Remember your function 'fn' is not a template...Your class 'A is a
template.
So I would specialize class A for Nullable..

template <typename T, template<typename > class Val >
class A<Val<T> >
{
public:
void fn(const std::string& s)
{}
};

 

[amparikh]

Hi, I need to specialize one operation in a template class, when the
parameter is a template itself.
Suppose this code:

#include <string>

template <typename T>
struct Nullable
{};

template <typename T>
class A
{
public:
void fn(const std::string& s)
{}

};

template<>
void A<int>::fn(const std::string& s)
{
// this is supposed to be A::fn() specialization for type int

}

int main()
{
A<int> a;
a.fn(""); // ok, invokes the specialized fn()
A<char> ach;
ach.fn(""); // ok, invokes the generic fn()
A<Nullable<int> > an;
an.fn(""); // ok, invokes the generic fn()
return 0;

}

I need to specialize A::fn() for Nullable<>, something like this:
template <typename T>
void A<Nullable<T> >::fn(const std::string& s)
{}

Of course it won't compile. Is there any solution for this?
Thanks
m.

Also, functions cannot be partically specialized.

 

[mliptak]

Remember your function 'fn' is not a template...Your class 'A is a
template.
So I would specialize class A for Nullable..

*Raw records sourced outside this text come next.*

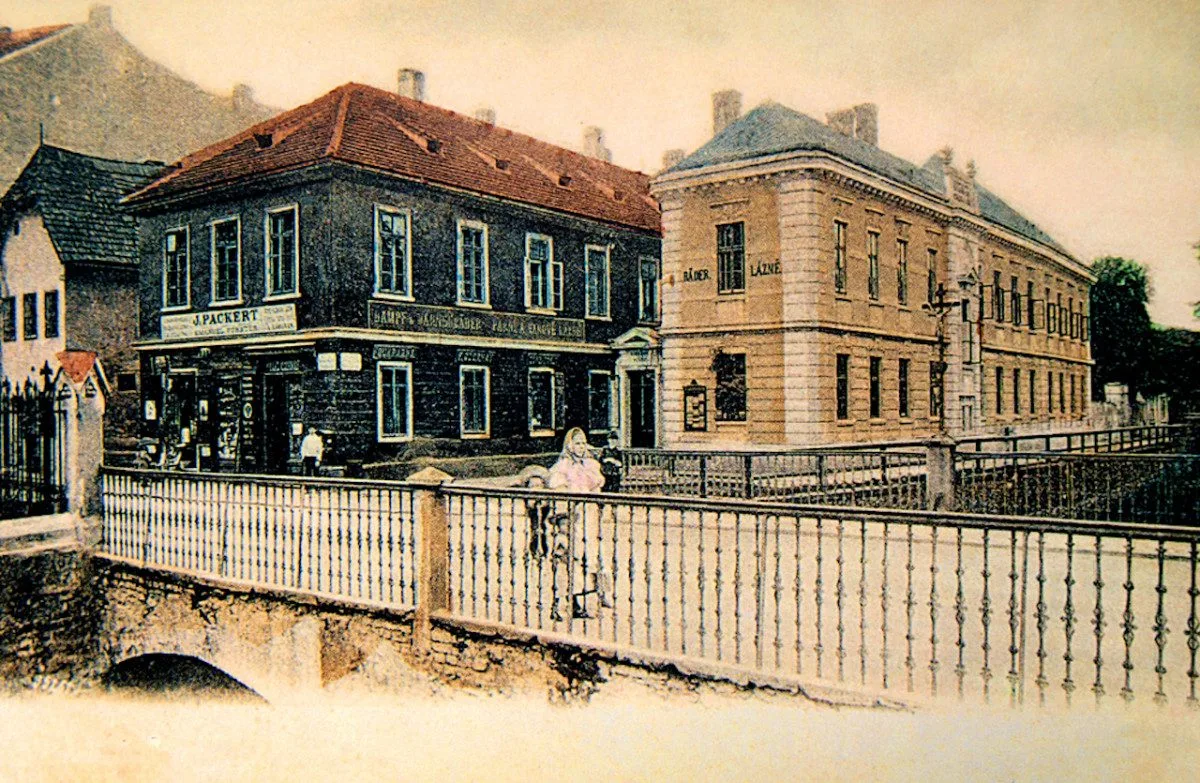 DRBNA HISTORIČKA: Ve Vídeňské ulici stály lázně s klecovou sprchou i známá kořalna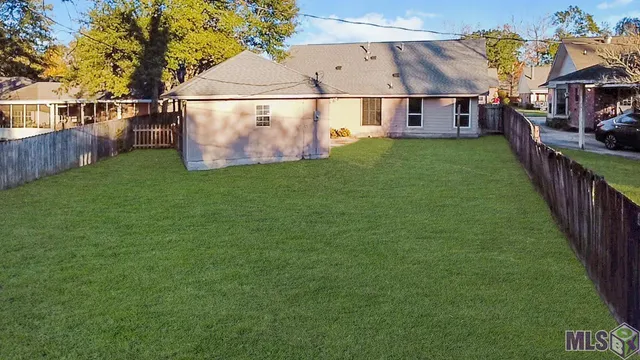 $2,000 | 3822 Country View Drive, Baton Rouge, LA 70817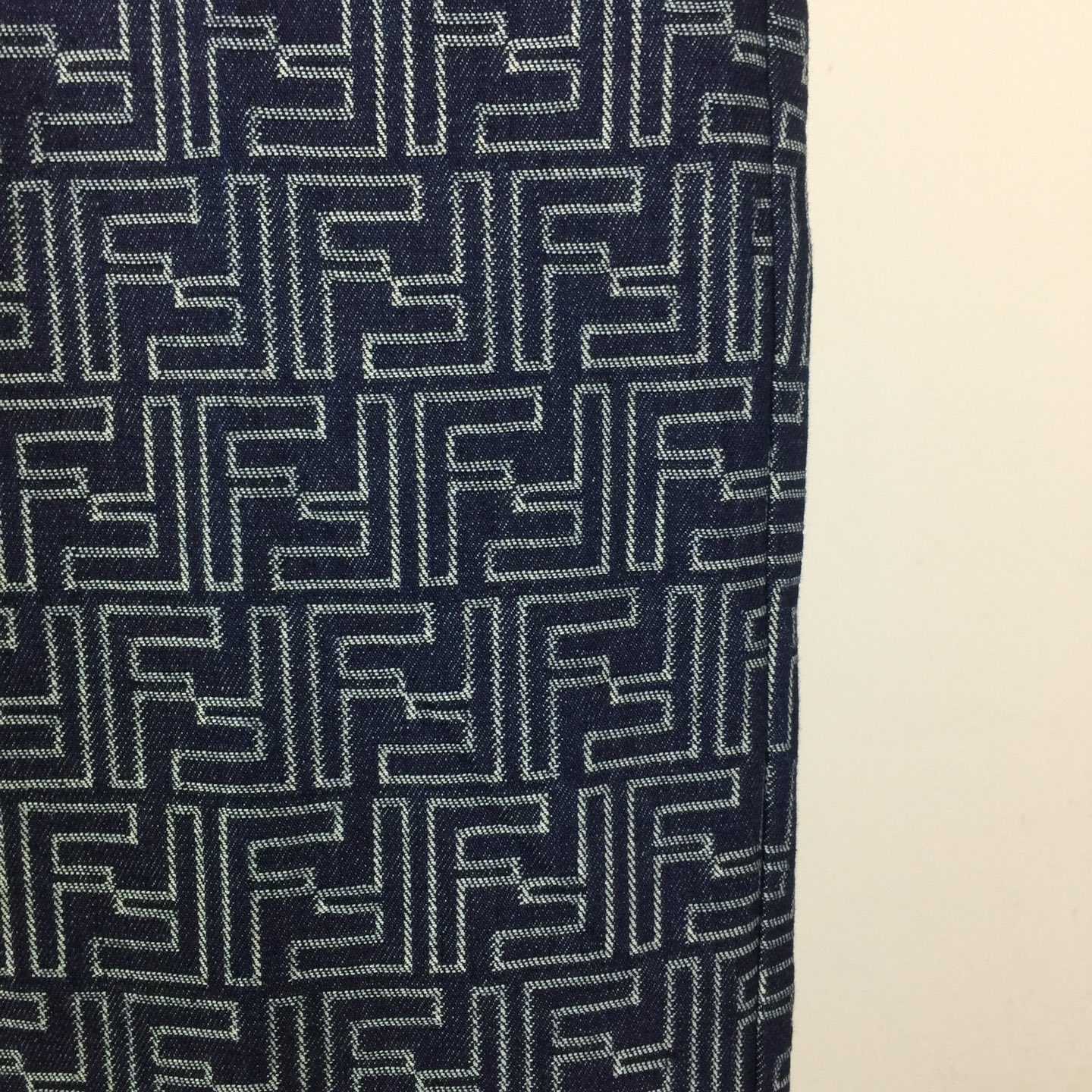 Fendi Pants    - EUR FASHION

template <typename T, template<typename > class Val >
class A<Val<T> >
{
public:
void fn(const std::string& s)
{}
};

Great, that works.. Thanks..
However, my original class A has more operations, than this one and I
only need to specialize open operation (fn()) - is there a way so I
don't need to duplicate all the other operations?
m.